On Intel Sandybridge and up there is no penalty:
http://www.agner.org/optimize/blog/read.php?i=142&v=t
On earlier Intel processors it's not significant:
http://lemire.me/blog/archives/2012/05/31/data-alignment-for-speed-myth-or-r...
Anyway, you are optimizing far too early. If there's a performance problem, run 'perf', find out that it's caused by X where X might be the big misalignment penalty on ARM or many other things, then fix that.
I have just run the test on my Samsung Chromebook (A15) and the results are concerning:
processing word of size 8 offset = 0 ignore this: average time for offset 0 is 77.95 offset = 1 ignore this: average time for offset 1 is 3465.2 offset = 2 ignore this: average time for offset 2 is 3454.25 offset = 3 ignore this: average time for offset 3 is 3451.2
That is 44x slower.
More concerningly, the counters in /proc/cpu/alignment are counting the misalignments (set to 2 - single fixup), which I thought wasn't supposed to happen on ARMv7 since the fixup is transparently happening in hardware without visibility further up.
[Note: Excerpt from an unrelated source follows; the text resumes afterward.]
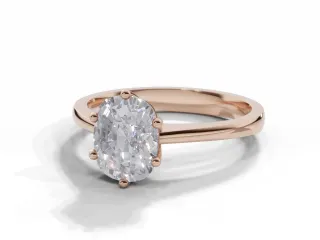 Diamond Solitaire Engagement Ring Plain Polish Band Certified Cushion-Cut Diamond 100% Recycled, Hallmarked 18ct. Rose Gold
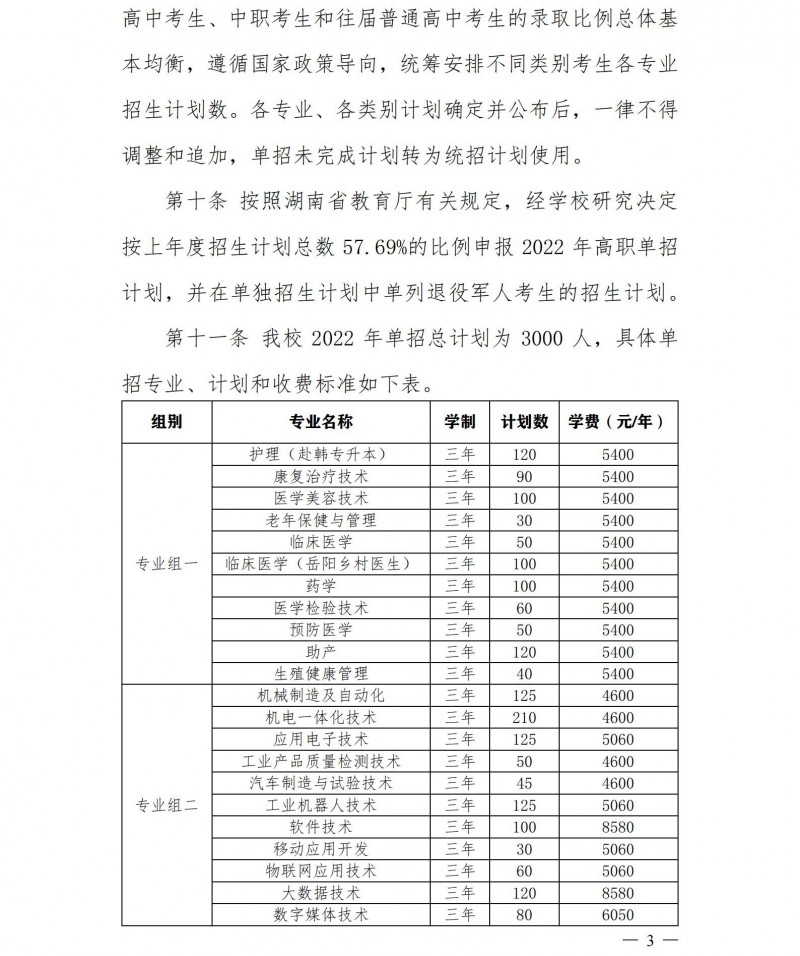 岳陽(yáng)職業(yè)技術(shù)學(xué)院2022年單獨(dú)招生章程(圖3)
Note: /proc/cpu/alignment is not settable to 0 (ignore) - forcing it to 0 still results in setting of 2 (fixup), and setting it to 1 (warn) results in setting of 3 (fixup+warn).
This could be a feaure of the 3.4.0 ChromeOS kernel, but if it isn't, that would imply that although the alignent does happen in hardware (and is not disablable), there is still a massive performance hit.
Is this a Samsung Exynos 5250 related bug? Or is this the expected behaviour?
I'll try to dig out a Tegra2 machine and see how that compares, but thus far it is not looking good at all.
There's no need to go on a huge crusade to fix every last mis- alignment, because that will involve vast hours of programmer effort for no measurable gain.
I am currently doing a mass rebuild and will compile a list of all packages I find that are exhibiting unaligned accesses. So far they include some important ones, such as nss.
Gordan